The U.S. on Monday filed a proposal known as a “draft decision,” demanding that the Geneva-based council organize the discussion at next week’s session in response to a damning report issued on Aug. 31 by former U.N. rights chief Michelle Bachelet warning of possible crimes against humanity in Xinjiang.
Her report, released on the final day of her four-year term, said “serious human rights violations” had been committed in the Xinjiang Uyghur Autonomous Region (XUAR) in the context of the Chinese government’s application of counter-extremism strategies.
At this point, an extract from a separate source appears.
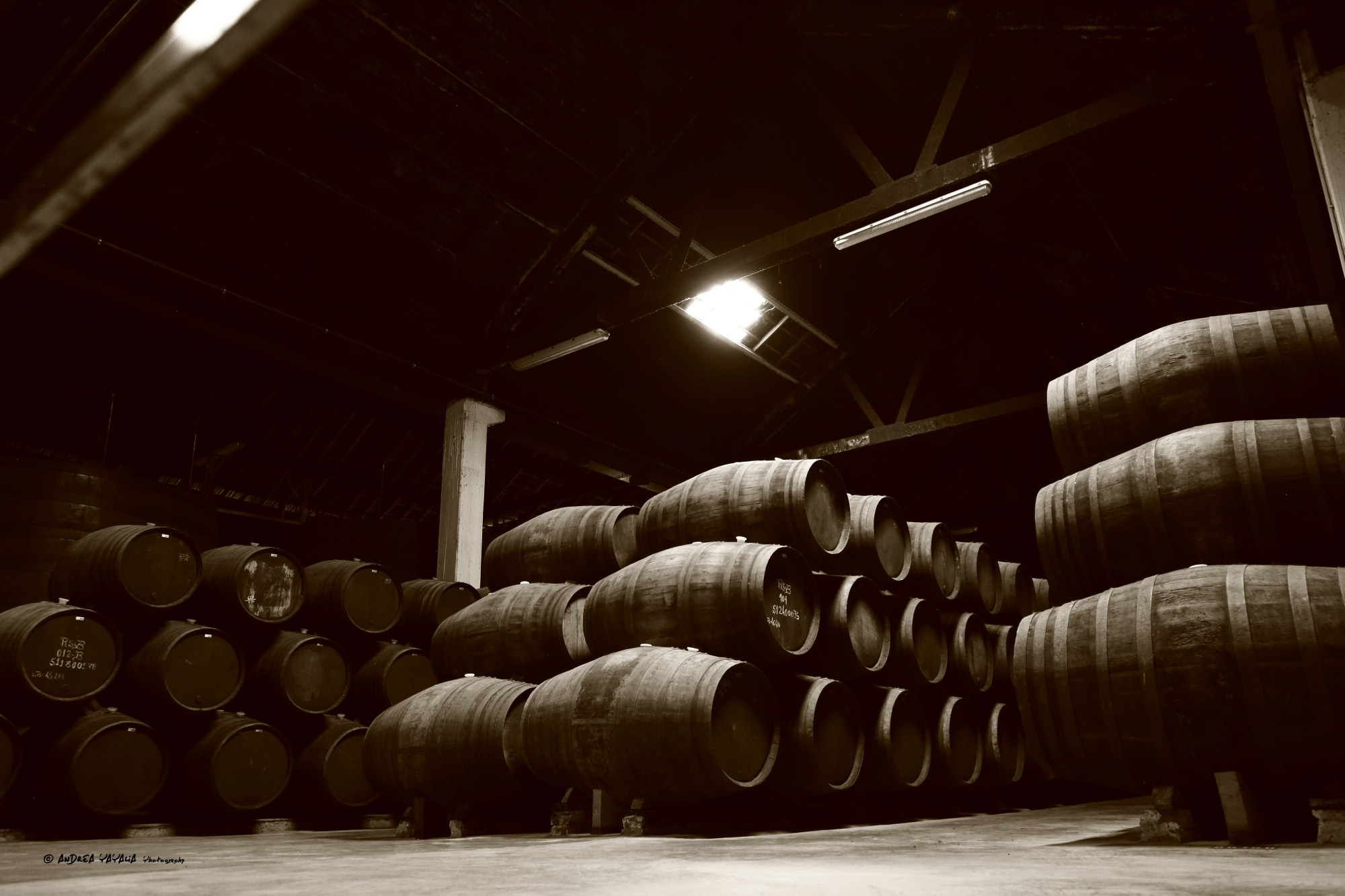 Porto che invecchia... per diventare "divino"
The draft decision was endorsed by the United Kingdom, Canada, Sweden, Denmark, Finland Iceland and Norway, Reuters reported Monday, citing diplomats as the source.
The 47-member council is divided over allegations of China’s repression of Uyghurs and other Turkic minorities in Xinjiang, despite reams of credible reports on abuses in the region, including arbitrary detentions, torture and forced sterilization.
It is believed that as many as 1.8 million Uyghurs and other Muslims have been held in China’s vast network of internment camps purportedly set up to prevent “religious extremism” and “terrorism” in the region.
Beijing has insisted that the camps were vocational training facilities that are now closed. It has vowed to fight any U.N. action on human rights abuses against Uyghurs in Xinjiang cited in Bachelet’s report.
“Certain Western countries use the Human Rights Council as a tool for political manipulation,” Wang Wenbin, a Chinese Foreign Ministry spokesman, said Tuesday at a regular press conference in Beijing, when asked about the proposal.
“They blatantly apply double standards and have gone so far as to name and shame some developing countries and openly pressure them,” he said. “This has poisoned the atmosphere and led to aggravated confrontation at the Human Rights Council, which is detrimental to international human rights cooperation. The international community firmly rejects such practices.”
A group of 66 Uyghur organizations from 20 countries on Monday urged governments to support passage of the draft decision.
“The international community must remember its obligation to end atrocity crimes like genocide and crimes against humanity,” said Dolkun Isa, president of the Germany-based World Uyghur Congress, in a statement. “Justice must be served.”
“Governments must seize this opportunity to finally respond to the abuses,” said Omer Kanat, executive director of the Washington, D.C-based Uyghur Human Rights Project. “The U.N. now has a chance to give hope to a suffering people.”